In the context of QIIME 2, Parsl configuration information is maintained in a QIIME 2 configuration file. QIIME 2 configuration files are stored on disk in TOML files.

Default Parsl configuration#

For basic multi-processor usage, QIIME 2 writes a default configuration file the first time it’s needed (e.g., if you instruct QIIME 2 to execute in parallel without a particular configuration).

The default qiime2_config.toml file, as of QIIME 2 2024.10, looks like the following:

[parsl]
strategy = "None"

[[parsl.executors]]
class = "ThreadPoolExecutor"
label = "tpool"
max_threads = ...

[[parsl.executors]]
class = "HighThroughputExecutor"
label = "default"
max_workers = ...

[parsl.executors.provider]
class = "LocalProvider"

When this file is written to disk, the max_threads and max_workers values (represented above by ...) are computed by QIIME 2 as one less than the CPU count on the computer where it is running (max(psutil.cpu_count() - 1, 1)).

This configuration defines two Executors.

  1. The ThreadPoolExecutor that parallelizes jobs across multiple threads in a process.

  2. The HighThroughputExecutor that parallelizes jobs across multiple processes.

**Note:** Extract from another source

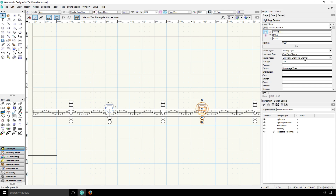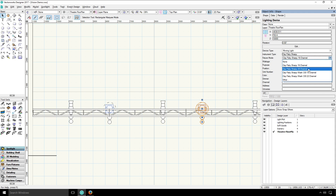In addition to that, some fixtures have multiple modes. This allows the user to balance the level of control they need with the number of channels required to operate the fixture, allowing them to have more or less fixtures in a single universe.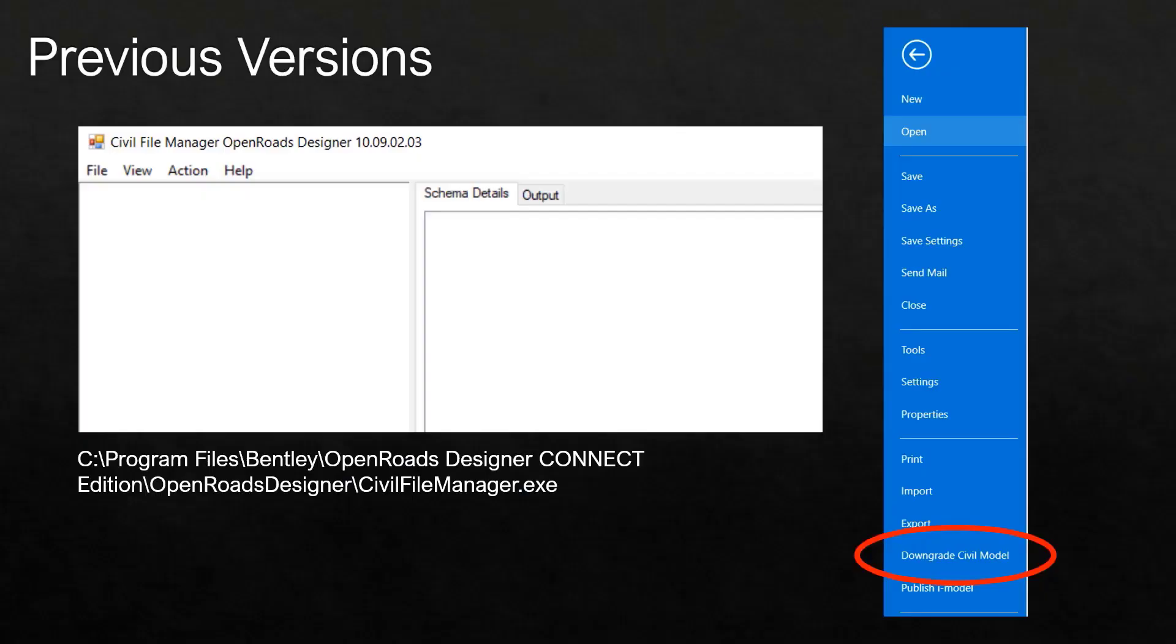In previous versions, this is what the Backstage looked like. We had an option for downgrade civil model.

In this case, the HighThroughputExecutor is designated as the default by nature of it’s label value being default. Your parsl configuration must define an executor with the label default, and this is the executor that QIIME 2 will use to dispatch your jobs to if you do not specify an alternative.

The parsl.Config object

This parsl configuration is ultimately read into a parsl.Config object internally in QIIME 2. The parsl.Config object that corresponds to the above example would look like the following:

config = parsl.Config(
    executors=[
        ThreadPoolExecutor(
            label='tpool',
            max_threads=... # will be an integer value
        ),
        HighThroughputExecutor(
            label='default',
            max_workers=..., # will be an integer value
            provider=LocalProvider()
        )
    ],
    strategy=None
)

Parsl configuration, line-by-line#

This first line of the default configuration file presented above indicates that this is the parsl section (or table, to use TOML’s terminology) of our configuration file.

[parsl]

The next line:

strategy = "None"

is a top-level Parsl configuration parameter that you can read more about in the Parsl documentation. This may need to be set differently depending on your system.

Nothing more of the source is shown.